EXERCISE DIRECTIONS » Exact copy, no pictures: output each line below as it stands.

*** Opening INFORMATION SUPPLIED ***

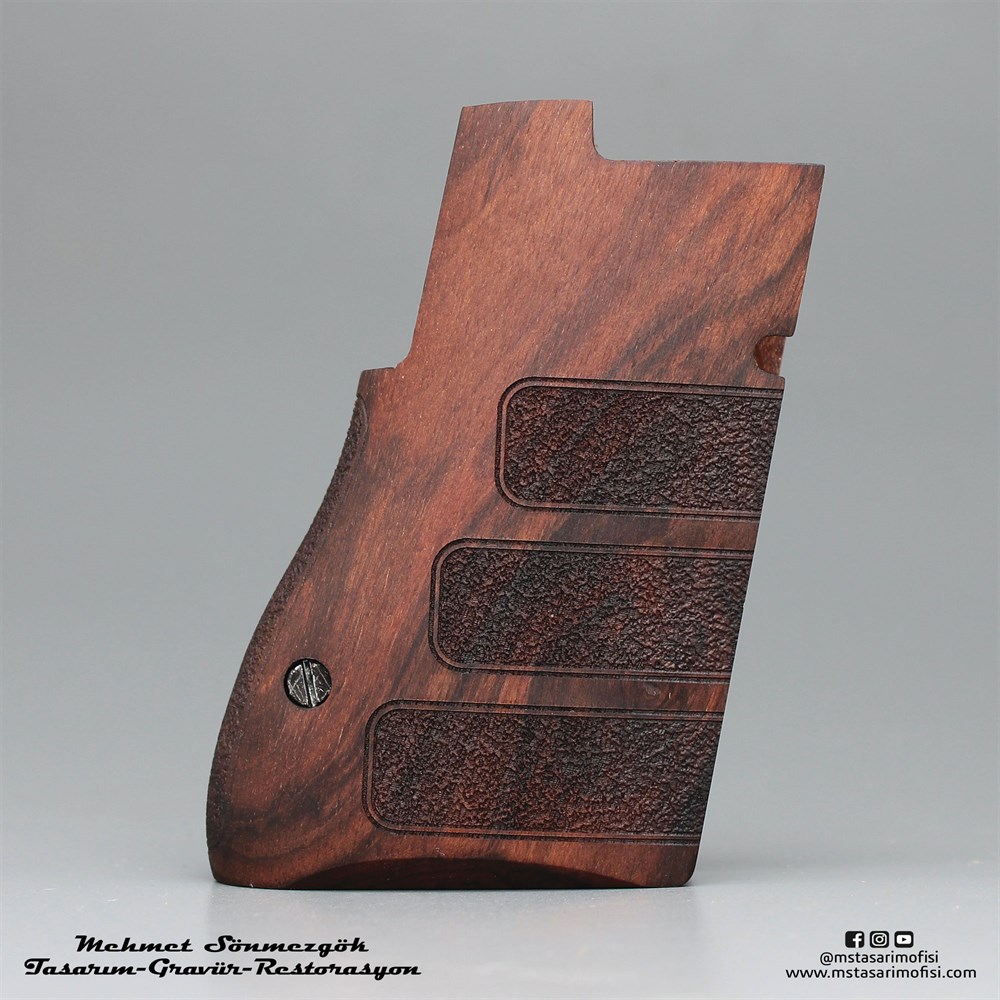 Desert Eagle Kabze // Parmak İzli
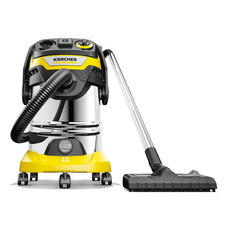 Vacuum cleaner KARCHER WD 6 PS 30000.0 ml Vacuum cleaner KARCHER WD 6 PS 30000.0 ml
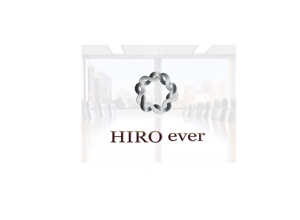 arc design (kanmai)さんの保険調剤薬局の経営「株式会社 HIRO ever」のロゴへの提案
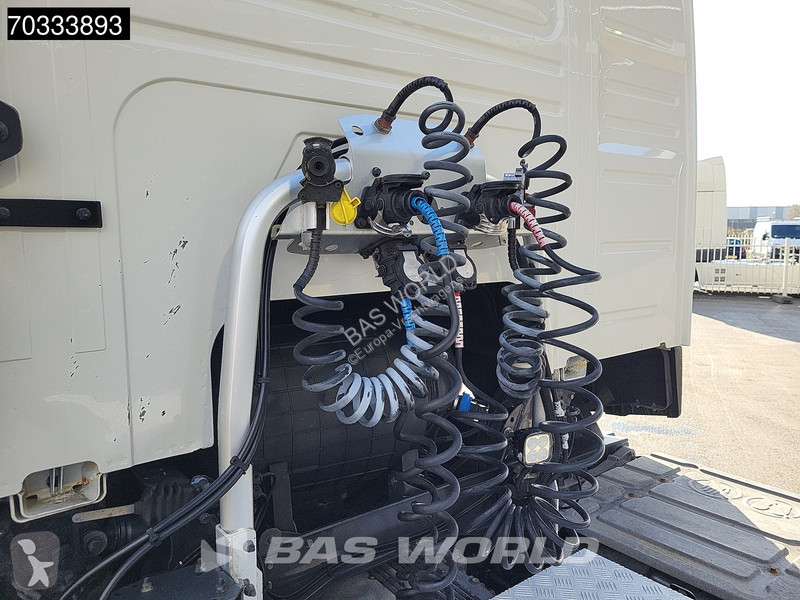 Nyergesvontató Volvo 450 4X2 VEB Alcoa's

*** Closing INFORMATION SUPPLIED ***

EXERCISE SOLUTION »
 Desert Eagle Kabze // Parmak İzli
 Vacuum cleaner KARCHER WD 6 PS 30000.0 ml Vacuum cleaner KARCHER WD 6 PS 30000.0 ml
 arc design (kanmai)さんの保険調剤薬局の経営「株式会社 HIRO ever」のロゴへの提案
 Nyergesvontató Volvo 450 4X2 VEB Alcoa's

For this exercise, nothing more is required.